Task to carry out → The lines below starting at the line containing "PEUGEOT 301 (ORJİNAL) SAĞ-SOL FAR -ÜÇEL OTO" and ending at the line containing "RiRe Bamboo Gommage Peeling Gel 120g" are to be repeated exactly, with both ends kept and nothing else added.

%%

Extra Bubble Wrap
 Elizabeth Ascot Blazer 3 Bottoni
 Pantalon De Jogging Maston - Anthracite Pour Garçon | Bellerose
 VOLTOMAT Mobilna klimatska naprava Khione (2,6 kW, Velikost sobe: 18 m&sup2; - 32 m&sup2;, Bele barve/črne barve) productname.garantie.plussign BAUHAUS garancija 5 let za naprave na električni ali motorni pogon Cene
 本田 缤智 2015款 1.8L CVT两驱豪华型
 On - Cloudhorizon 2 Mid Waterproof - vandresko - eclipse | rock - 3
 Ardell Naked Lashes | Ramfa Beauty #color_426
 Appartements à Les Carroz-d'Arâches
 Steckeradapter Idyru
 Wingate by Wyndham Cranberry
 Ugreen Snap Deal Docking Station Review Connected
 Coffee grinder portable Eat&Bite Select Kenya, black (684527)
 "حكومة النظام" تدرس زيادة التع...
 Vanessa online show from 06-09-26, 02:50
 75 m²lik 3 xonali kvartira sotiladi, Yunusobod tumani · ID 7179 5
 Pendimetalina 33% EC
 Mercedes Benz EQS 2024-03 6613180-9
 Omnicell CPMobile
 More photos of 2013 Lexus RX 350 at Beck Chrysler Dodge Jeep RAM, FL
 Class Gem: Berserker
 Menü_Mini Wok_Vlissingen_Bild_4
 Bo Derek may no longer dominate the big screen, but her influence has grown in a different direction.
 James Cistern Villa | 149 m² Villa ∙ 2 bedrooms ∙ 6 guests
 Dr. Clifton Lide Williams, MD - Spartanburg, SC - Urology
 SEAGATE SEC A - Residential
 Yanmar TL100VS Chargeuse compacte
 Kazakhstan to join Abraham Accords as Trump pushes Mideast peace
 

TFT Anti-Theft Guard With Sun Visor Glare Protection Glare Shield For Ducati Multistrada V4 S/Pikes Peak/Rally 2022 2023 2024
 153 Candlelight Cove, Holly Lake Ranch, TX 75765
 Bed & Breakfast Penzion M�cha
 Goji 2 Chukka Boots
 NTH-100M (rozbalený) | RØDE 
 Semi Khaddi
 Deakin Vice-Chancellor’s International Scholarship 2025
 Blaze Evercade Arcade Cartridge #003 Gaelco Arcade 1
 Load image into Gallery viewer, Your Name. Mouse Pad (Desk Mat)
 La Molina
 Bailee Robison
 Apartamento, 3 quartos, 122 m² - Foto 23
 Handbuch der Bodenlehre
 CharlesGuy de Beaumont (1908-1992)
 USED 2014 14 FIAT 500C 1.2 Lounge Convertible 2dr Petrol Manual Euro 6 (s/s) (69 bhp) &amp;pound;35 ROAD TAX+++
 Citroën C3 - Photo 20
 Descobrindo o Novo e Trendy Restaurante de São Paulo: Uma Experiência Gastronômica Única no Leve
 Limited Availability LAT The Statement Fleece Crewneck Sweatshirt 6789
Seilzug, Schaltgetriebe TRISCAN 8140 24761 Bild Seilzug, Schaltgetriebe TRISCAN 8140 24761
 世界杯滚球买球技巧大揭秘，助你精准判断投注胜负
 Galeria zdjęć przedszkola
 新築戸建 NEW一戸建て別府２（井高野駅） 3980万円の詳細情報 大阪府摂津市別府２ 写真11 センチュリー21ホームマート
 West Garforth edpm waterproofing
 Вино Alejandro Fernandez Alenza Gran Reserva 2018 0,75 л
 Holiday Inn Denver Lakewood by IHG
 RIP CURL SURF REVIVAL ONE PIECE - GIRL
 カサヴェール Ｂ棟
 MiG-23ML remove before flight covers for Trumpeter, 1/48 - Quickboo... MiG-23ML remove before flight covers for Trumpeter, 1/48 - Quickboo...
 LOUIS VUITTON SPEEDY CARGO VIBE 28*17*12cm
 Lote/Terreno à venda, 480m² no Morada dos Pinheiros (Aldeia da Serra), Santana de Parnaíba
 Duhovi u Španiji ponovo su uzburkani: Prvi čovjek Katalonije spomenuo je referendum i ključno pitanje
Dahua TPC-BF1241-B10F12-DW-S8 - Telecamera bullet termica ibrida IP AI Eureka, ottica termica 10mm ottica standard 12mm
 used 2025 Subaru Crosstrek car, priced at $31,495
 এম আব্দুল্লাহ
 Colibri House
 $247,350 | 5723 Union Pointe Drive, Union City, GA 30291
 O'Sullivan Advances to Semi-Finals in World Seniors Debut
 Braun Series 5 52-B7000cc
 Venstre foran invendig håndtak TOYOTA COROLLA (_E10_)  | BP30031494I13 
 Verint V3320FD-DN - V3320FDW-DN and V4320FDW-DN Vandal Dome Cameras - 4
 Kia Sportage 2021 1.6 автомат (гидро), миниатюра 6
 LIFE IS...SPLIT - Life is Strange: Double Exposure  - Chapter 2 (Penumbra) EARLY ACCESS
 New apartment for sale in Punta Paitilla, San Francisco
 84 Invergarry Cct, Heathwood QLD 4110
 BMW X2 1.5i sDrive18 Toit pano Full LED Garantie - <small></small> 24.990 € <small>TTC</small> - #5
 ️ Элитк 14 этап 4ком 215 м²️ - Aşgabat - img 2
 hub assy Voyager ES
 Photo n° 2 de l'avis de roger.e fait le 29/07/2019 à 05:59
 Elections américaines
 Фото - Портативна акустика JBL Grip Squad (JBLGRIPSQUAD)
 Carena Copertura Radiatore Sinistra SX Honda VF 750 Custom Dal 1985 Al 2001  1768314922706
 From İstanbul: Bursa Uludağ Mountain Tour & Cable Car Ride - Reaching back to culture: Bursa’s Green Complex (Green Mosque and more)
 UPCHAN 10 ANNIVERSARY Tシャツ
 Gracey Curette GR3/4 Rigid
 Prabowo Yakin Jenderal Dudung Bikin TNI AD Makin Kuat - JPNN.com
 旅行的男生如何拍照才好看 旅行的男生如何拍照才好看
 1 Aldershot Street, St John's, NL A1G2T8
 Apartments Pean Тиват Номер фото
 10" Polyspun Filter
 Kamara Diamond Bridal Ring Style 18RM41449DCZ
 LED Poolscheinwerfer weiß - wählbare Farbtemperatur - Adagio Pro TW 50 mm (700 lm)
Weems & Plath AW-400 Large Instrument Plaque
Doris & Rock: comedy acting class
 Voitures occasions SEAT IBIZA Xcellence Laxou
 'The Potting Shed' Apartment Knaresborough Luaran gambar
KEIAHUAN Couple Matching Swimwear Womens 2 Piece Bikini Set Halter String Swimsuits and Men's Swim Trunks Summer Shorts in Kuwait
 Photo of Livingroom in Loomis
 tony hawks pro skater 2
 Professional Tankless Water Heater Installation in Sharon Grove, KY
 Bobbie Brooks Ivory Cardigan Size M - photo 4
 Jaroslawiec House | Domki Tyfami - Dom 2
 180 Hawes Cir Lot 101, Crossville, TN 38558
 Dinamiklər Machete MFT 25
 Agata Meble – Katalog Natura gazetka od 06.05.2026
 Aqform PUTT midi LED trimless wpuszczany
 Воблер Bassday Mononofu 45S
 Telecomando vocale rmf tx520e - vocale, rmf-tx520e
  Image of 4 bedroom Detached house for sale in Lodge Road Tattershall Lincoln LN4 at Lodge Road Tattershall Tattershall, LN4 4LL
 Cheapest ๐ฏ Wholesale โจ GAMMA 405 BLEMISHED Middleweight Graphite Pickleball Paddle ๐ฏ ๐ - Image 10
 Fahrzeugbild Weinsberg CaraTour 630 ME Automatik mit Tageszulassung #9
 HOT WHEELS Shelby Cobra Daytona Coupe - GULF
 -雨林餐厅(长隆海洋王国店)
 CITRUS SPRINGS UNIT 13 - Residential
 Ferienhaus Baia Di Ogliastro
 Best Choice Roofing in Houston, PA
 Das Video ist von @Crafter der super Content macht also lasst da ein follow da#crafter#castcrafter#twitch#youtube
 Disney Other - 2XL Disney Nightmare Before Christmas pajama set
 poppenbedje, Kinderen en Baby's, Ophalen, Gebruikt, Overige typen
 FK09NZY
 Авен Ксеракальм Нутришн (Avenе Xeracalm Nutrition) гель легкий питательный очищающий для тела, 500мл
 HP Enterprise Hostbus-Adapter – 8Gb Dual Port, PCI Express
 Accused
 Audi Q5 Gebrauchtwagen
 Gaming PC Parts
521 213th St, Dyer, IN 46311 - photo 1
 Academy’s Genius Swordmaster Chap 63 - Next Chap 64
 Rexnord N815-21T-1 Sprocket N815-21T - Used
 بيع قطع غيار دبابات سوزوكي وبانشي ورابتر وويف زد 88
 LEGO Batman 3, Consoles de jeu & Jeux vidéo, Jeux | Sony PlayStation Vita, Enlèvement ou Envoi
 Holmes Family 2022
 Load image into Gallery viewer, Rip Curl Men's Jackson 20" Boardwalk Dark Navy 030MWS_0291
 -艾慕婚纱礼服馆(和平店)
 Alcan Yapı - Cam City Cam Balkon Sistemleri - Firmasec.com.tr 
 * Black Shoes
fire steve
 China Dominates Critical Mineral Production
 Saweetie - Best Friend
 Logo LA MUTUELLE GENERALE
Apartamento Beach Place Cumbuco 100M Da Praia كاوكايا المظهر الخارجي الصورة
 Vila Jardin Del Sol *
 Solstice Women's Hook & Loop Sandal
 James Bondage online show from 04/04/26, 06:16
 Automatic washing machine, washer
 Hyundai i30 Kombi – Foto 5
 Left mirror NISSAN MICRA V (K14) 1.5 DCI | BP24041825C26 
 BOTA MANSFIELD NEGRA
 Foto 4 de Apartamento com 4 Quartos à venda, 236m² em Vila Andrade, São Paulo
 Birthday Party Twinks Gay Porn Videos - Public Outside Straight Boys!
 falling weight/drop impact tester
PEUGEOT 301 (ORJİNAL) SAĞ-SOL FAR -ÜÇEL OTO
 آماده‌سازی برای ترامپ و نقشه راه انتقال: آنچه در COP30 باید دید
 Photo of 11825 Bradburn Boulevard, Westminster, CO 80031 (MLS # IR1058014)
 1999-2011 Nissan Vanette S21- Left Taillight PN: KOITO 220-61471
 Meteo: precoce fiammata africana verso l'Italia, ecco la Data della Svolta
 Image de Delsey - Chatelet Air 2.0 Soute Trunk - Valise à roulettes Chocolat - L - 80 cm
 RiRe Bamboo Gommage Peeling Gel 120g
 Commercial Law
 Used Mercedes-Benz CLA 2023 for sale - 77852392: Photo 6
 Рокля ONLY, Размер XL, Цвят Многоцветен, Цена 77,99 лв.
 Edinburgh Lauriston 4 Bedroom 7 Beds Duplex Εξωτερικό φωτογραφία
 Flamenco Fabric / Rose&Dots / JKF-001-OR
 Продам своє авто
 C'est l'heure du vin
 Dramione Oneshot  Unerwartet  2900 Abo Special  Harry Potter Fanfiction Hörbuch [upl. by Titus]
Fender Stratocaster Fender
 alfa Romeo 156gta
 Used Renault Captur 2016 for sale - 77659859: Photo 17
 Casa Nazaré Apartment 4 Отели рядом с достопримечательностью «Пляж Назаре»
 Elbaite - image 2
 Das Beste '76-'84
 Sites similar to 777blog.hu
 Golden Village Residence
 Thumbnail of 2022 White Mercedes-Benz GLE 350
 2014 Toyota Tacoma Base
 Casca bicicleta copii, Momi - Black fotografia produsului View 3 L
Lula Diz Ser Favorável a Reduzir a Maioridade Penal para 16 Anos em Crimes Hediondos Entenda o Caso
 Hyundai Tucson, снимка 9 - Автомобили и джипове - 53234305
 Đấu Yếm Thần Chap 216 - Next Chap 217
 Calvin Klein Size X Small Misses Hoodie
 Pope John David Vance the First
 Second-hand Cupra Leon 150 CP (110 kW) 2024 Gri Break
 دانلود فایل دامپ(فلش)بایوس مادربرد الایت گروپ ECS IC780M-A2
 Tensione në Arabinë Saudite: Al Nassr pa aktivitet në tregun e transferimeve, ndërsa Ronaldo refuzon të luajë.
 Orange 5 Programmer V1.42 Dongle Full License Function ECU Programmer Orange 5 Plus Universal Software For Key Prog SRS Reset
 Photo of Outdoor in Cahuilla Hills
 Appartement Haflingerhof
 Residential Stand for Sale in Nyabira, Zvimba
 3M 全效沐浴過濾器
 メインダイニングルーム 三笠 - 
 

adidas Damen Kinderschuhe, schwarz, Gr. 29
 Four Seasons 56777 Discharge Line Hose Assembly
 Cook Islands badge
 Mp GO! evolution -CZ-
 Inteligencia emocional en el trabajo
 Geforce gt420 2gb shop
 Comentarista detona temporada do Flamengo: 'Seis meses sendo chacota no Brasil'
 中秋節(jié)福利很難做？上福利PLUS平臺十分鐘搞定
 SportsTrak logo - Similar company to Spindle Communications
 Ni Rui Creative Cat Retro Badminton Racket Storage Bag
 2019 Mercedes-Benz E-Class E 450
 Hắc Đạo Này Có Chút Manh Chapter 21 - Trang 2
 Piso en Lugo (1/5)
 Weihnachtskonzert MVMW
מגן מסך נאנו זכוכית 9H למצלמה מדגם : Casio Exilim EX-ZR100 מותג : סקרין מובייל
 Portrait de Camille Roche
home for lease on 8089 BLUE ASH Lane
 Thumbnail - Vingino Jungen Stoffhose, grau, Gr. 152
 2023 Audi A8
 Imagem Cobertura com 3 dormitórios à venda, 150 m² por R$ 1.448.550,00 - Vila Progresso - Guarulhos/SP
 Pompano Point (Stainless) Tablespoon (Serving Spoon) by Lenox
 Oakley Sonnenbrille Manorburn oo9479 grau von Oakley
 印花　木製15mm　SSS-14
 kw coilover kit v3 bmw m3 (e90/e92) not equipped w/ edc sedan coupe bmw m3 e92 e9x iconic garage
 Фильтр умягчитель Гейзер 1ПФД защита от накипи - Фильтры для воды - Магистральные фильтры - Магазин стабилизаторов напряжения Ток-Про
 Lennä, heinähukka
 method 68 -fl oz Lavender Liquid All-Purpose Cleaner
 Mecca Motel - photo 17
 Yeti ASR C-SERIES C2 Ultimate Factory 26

%%

Solution for this exercise →
PEUGEOT 301 (ORJİNAL) SAĞ-SOL FAR -ÜÇEL OTO
 آماده‌سازی برای ترامپ و نقشه راه انتقال: آنچه در COP30 باید دید
 Photo of 11825 Bradburn Boulevard, Westminster, CO 80031 (MLS # IR1058014)
 1999-2011 Nissan Vanette S21- Left Taillight PN: KOITO 220-61471
 Meteo: precoce fiammata africana verso l'Italia, ecco la Data della Svolta
 Image de Delsey - Chatelet Air 2.0 Soute Trunk - Valise à roulettes Chocolat - L - 80 cm
 RiRe Bamboo Gommage Peeling Gel 120g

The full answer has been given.